Scraped caption text data
- Opening Delimiter -
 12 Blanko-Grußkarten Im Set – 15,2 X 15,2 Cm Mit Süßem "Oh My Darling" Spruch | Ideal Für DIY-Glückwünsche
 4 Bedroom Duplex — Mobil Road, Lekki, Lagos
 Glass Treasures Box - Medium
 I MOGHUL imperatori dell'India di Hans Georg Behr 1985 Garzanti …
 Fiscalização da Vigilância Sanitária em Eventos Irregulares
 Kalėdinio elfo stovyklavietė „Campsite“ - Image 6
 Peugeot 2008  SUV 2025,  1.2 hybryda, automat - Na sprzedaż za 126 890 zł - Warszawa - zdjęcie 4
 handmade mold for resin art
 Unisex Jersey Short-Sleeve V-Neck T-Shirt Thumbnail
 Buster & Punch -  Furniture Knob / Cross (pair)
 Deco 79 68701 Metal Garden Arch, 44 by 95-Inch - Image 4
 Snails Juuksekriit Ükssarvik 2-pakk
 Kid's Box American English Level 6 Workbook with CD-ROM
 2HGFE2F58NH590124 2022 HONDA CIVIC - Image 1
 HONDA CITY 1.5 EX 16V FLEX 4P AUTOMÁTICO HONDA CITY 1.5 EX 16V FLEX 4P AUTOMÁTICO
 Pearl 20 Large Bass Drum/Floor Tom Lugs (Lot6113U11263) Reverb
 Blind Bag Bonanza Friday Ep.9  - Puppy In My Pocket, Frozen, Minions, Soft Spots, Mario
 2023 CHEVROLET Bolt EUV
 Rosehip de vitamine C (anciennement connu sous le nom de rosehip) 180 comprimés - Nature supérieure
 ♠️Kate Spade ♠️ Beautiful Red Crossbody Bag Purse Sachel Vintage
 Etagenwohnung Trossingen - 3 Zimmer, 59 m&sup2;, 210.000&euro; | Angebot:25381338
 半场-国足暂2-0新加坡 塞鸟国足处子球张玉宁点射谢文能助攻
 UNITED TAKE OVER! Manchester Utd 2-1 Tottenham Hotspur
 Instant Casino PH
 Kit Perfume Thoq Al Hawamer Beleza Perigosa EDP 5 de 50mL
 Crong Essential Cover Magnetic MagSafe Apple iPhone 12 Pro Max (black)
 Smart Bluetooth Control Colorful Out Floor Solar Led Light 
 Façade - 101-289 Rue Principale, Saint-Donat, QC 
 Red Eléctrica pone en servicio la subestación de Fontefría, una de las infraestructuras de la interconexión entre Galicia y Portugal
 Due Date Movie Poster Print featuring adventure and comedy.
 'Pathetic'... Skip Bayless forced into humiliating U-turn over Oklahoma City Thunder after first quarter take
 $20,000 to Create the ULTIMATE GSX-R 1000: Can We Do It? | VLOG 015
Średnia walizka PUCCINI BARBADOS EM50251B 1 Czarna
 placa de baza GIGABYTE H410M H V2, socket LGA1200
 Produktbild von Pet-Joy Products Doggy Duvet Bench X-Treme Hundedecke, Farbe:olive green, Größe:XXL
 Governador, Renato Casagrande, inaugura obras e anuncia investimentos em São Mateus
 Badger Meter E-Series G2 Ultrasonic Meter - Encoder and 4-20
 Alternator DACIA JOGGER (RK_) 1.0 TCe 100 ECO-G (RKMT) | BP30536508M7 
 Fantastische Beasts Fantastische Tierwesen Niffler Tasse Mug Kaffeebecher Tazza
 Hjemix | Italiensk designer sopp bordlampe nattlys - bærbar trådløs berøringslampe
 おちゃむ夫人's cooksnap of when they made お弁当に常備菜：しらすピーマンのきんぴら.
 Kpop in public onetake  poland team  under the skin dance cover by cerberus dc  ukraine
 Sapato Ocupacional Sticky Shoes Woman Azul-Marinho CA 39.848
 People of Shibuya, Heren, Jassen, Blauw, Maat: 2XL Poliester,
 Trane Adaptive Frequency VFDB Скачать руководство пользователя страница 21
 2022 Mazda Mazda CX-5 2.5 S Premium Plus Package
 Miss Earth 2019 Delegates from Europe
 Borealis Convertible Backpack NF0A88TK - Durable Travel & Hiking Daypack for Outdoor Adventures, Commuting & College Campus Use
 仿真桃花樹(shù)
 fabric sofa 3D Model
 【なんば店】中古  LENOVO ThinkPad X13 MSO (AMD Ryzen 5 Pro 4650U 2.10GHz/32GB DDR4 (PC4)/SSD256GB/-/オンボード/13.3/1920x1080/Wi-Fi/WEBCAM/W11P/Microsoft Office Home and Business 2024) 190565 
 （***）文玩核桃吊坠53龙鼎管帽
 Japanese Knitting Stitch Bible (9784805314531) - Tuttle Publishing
- Closing Delimiter -
> What to produce
Nothing should be left out. Reproduce all the entries precisely.

> Exercise output
 12 Blanko-Grußkarten Im Set – 15,2 X 15,2 Cm Mit Süßem "Oh My Darling" Spruch | Ideal Für DIY-Glückwünsche
 4 Bedroom Duplex — Mobil Road, Lekki, Lagos
 Glass Treasures Box - Medium
 I MOGHUL imperatori dell'India di Hans Georg Behr 1985 Garzanti …
 Fiscalização da Vigilância Sanitária em Eventos Irregulares
 Kalėdinio elfo stovyklavietė „Campsite“ - Image 6
 Peugeot 2008  SUV 2025,  1.2 hybryda, automat - Na sprzedaż za 126 890 zł - Warszawa - zdjęcie 4
 handmade mold for resin art
 Unisex Jersey Short-Sleeve V-Neck T-Shirt Thumbnail
 Buster & Punch -  Furniture Knob / Cross (pair)
 Deco 79 68701 Metal Garden Arch, 44 by 95-Inch - Image 4
 Snails Juuksekriit Ükssarvik 2-pakk
 Kid's Box American English Level 6 Workbook with CD-ROM
 2HGFE2F58NH590124 2022 HONDA CIVIC - Image 1
 HONDA CITY 1.5 EX 16V FLEX 4P AUTOMÁTICO HONDA CITY 1.5 EX 16V FLEX 4P AUTOMÁTICO
 Pearl 20 Large Bass Drum/Floor Tom Lugs (Lot6113U11263) Reverb
 Blind Bag Bonanza Friday Ep.9  - Puppy In My Pocket, Frozen, Minions, Soft Spots, Mario
 2023 CHEVROLET Bolt EUV
 Rosehip de vitamine C (anciennement connu sous le nom de rosehip) 180 comprimés - Nature supérieure
 ♠️Kate Spade ♠️ Beautiful Red Crossbody Bag Purse Sachel Vintage
 Etagenwohnung Trossingen - 3 Zimmer, 59 m&sup2;, 210.000&euro; | Angebot:25381338
 半场-国足暂2-0新加坡 塞鸟国足处子球张玉宁点射谢文能助攻
 UNITED TAKE OVER! Manchester Utd 2-1 Tottenham Hotspur
 Instant Casino PH
 Kit Perfume Thoq Al Hawamer Beleza Perigosa EDP 5 de 50mL
 Crong Essential Cover Magnetic MagSafe Apple iPhone 12 Pro Max (black)
 Smart Bluetooth Control Colorful Out Floor Solar Led Light 
 Façade - 101-289 Rue Principale, Saint-Donat, QC 
 Red Eléctrica pone en servicio la subestación de Fontefría, una de las infraestructuras de la interconexión entre Galicia y Portugal
 Due Date Movie Poster Print featuring adventure and comedy.
 'Pathetic'... Skip Bayless forced into humiliating U-turn over Oklahoma City Thunder after first quarter take
 $20,000 to Create the ULTIMATE GSX-R 1000: Can We Do It? | VLOG 015
Średnia walizka PUCCINI BARBADOS EM50251B 1 Czarna
 placa de baza GIGABYTE H410M H V2, socket LGA1200
 Produktbild von Pet-Joy Products Doggy Duvet Bench X-Treme Hundedecke, Farbe:olive green, Größe:XXL
 Governador, Renato Casagrande, inaugura obras e anuncia investimentos em São Mateus
 Badger Meter E-Series G2 Ultrasonic Meter - Encoder and 4-20
 Alternator DACIA JOGGER (RK_) 1.0 TCe 100 ECO-G (RKMT) | BP30536508M7 
 Fantastische Beasts Fantastische Tierwesen Niffler Tasse Mug Kaffeebecher Tazza
 Hjemix | Italiensk designer sopp bordlampe nattlys - bærbar trådløs berøringslampe
 おちゃむ夫人's cooksnap of when they made お弁当に常備菜：しらすピーマンのきんぴら.
 Kpop in public onetake  poland team  under the skin dance cover by cerberus dc  ukraine
 Sapato Ocupacional Sticky Shoes Woman Azul-Marinho CA 39.848
 People of Shibuya, Heren, Jassen, Blauw, Maat: 2XL Poliester,
 Trane Adaptive Frequency VFDB Скачать руководство пользователя страница 21
 2022 Mazda Mazda CX-5 2.5 S Premium Plus Package
 Miss Earth 2019 Delegates from Europe
 Borealis Convertible Backpack NF0A88TK - Durable Travel & Hiking Daypack for Outdoor Adventures, Commuting & College Campus Use
 仿真桃花樹(shù)
 fabric sofa 3D Model
 【なんば店】中古  LENOVO ThinkPad X13 MSO (AMD Ryzen 5 Pro 4650U 2.10GHz/32GB DDR4 (PC4)/SSD256GB/-/オンボード/13.3/1920x1080/Wi-Fi/WEBCAM/W11P/Microsoft Office Home and Business 2024) 190565 
 （***）文玩核桃吊坠53龙鼎管帽
 Japanese Knitting Stitch Bible (9784805314531) - Tuttle Publishing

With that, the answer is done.